House Democrats took another step toward considering a key voting rights bill by releasing a report documenting dozens of discriminatory election practices.
The move Friday is a prelude to the introduction of the John Lewis Voting Rights Advancement Act, named after the former lawmaker and civil rights leader. Leaders believe it stands a better chance of gaining bipartisan support than broader election and campaign finance measures.
The report, prepared by Rep. G.K. Butterfield (D-N.C.), chair of the Committee on House Administration’s Subcommittee on Elections, warns that “states across the country have enacted new, suppressive voting and election administration laws that disproportionately and discriminatorily impact minority voters” since the Supreme Court’s 2013 decision weakened part of the 1965 Voting Rights Act. In that case, Shelby County v. Holder, the court struck down the formula for which states and local governments in certain parts of the country had to seek Justice Department approval for changes to election-related laws and policies.
Butterfield told reporters Friday that the report will go to the House Judiciary Committee, which will write the bill. Butterfield said he believes the legislation “will be completed and introduced in late August.”
The 132-page report covers discrimination in practices including purging voter rolls, voter ID and proof-of-citizenship requirements, access to multi-lingual voting materials, redistricting, and lengthy waits at polling places.
The John Lewis bill would restore and strengthen the part of the 1965 Voting Rights Act dealing with Justice Department approval of election-related laws and changes.

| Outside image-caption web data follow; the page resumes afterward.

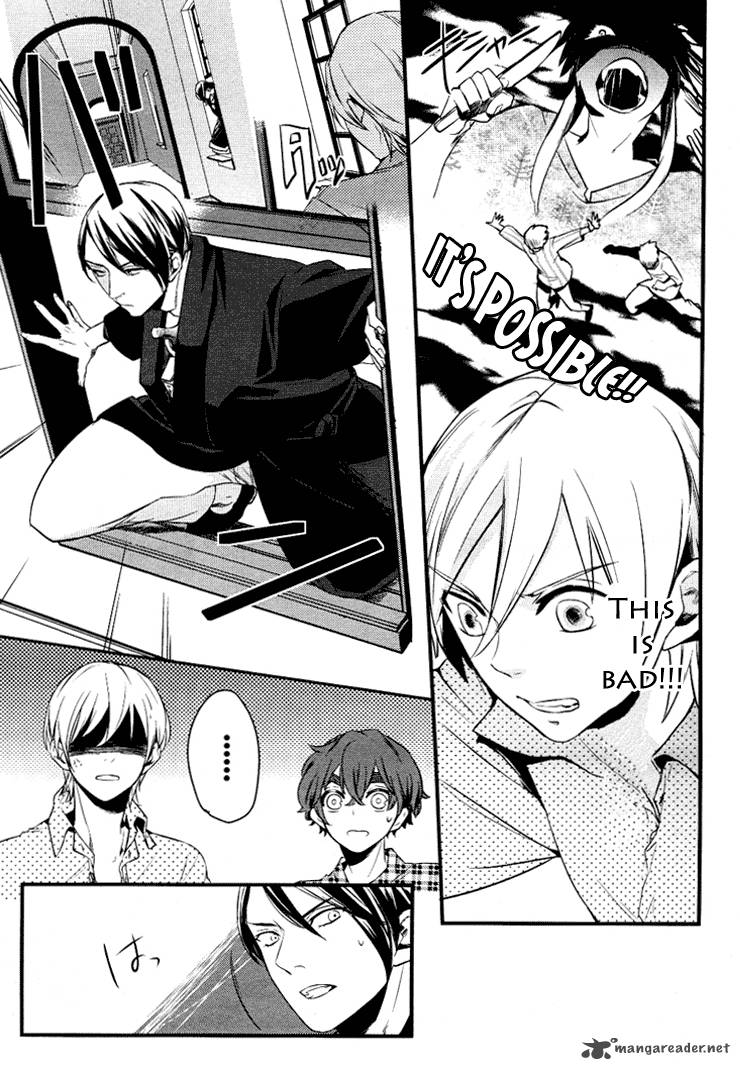 Makai Ouji Devils And Realist Chapter 9 Page 7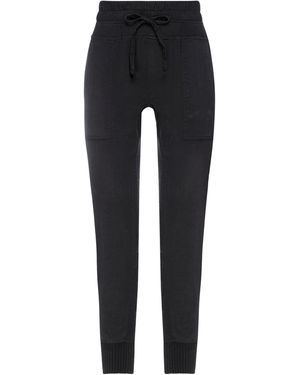 James Perse Trouser - Black
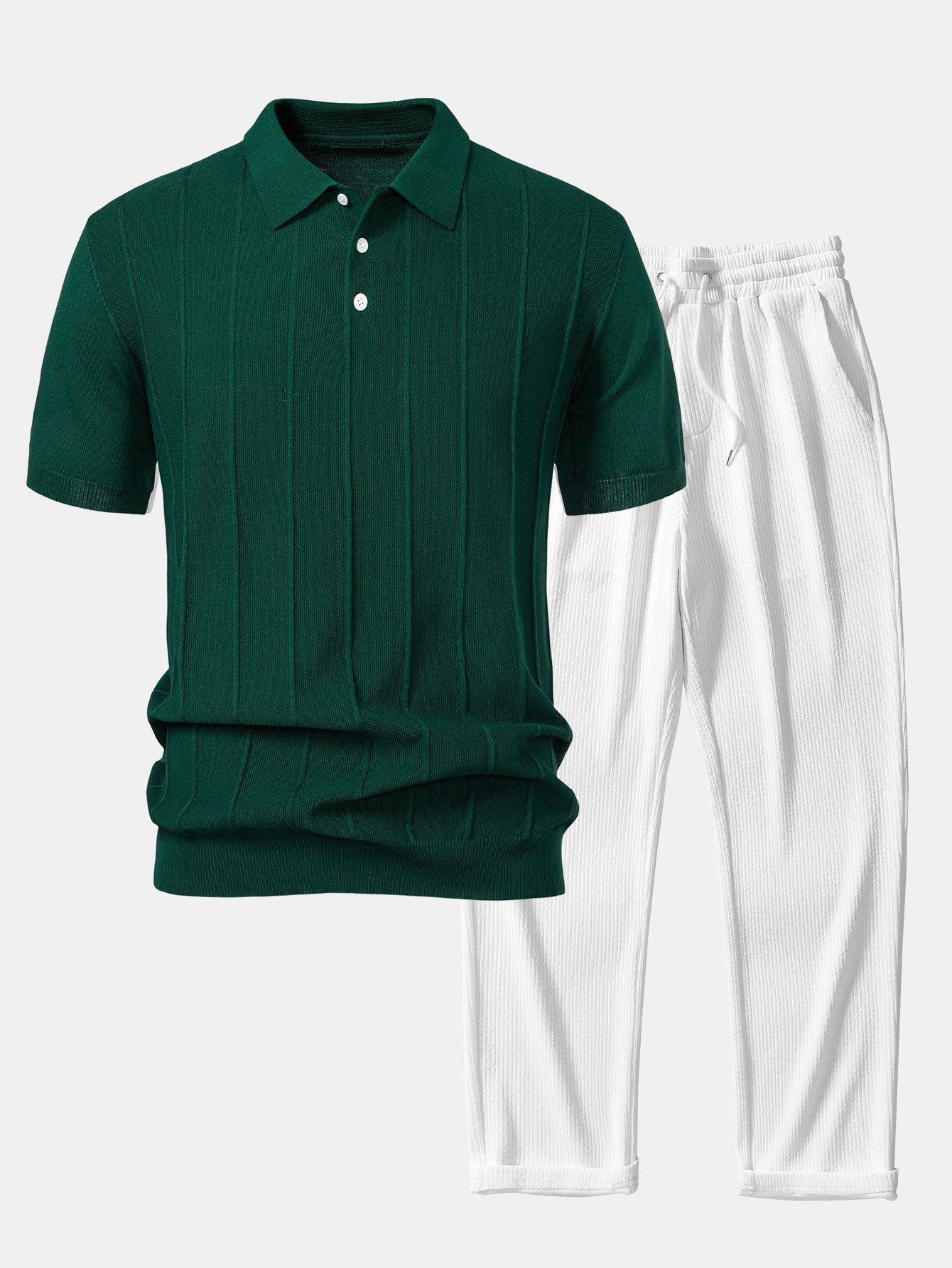 Sirmione Knit Set - Cozy, Stylish Knitwear for Everyday Comfort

House Speaker Nancy Pelosi (D-Calif.) said the report is part of “making sure this legislation will be constitutionally iron-clad.”
“We had to do that in a way that could withstand a court challenge and that could take a little more time,” Pelosi told reporters.
Democrats are struggling to find a path forward on more expansive voting rights and elections legislation ( H.R. 1 S. 1) that’s currently stalled in the Senate. Unlike those bills, the John Lewis Voting Rights Advancement Act has the potential support of at least one Republican senator, Lisa Murkowski(Alaska), as well as Sen. Joe Manchin (D-W.Va.), the lone Democratic holdout on the broader elections bill.
They’re also under pressure to pass something at the federal level as state governments, most under Republican control, have passed more than two dozen bills restricting the right to vote, according to the Brennan Center for Justice. Rep. Elissa Slotkin(D-Mich.) said on CNN she’s been frequently asked by constituents what she’s doing to protect voting rights.
“We’re seeing states across the country who are trying to curb the ability to vote, who are trying to preserve an ability to change the results of an election after the vote has taken place,” Slotkin said in late July. “I’m getting pushed, as are most of my colleagues, about what we’re going to do at the federal level.”
The report comes as Texas Gov. Greg Abbott (R) has called a second special session for Saturday to consider voting legislation. State Democratic lawmakers fled to Washington, D.C., in July to prevent Republican leaders from garnering a quorum needed to take up the measure they say would restrict access to voting. The Texas Democrats, who appeared at a Capitol Hill news conference Friday with Sen. Jeff Merkley (D-Ore.), have lobbied congressional Democrats to pass legislation to set voting access standards.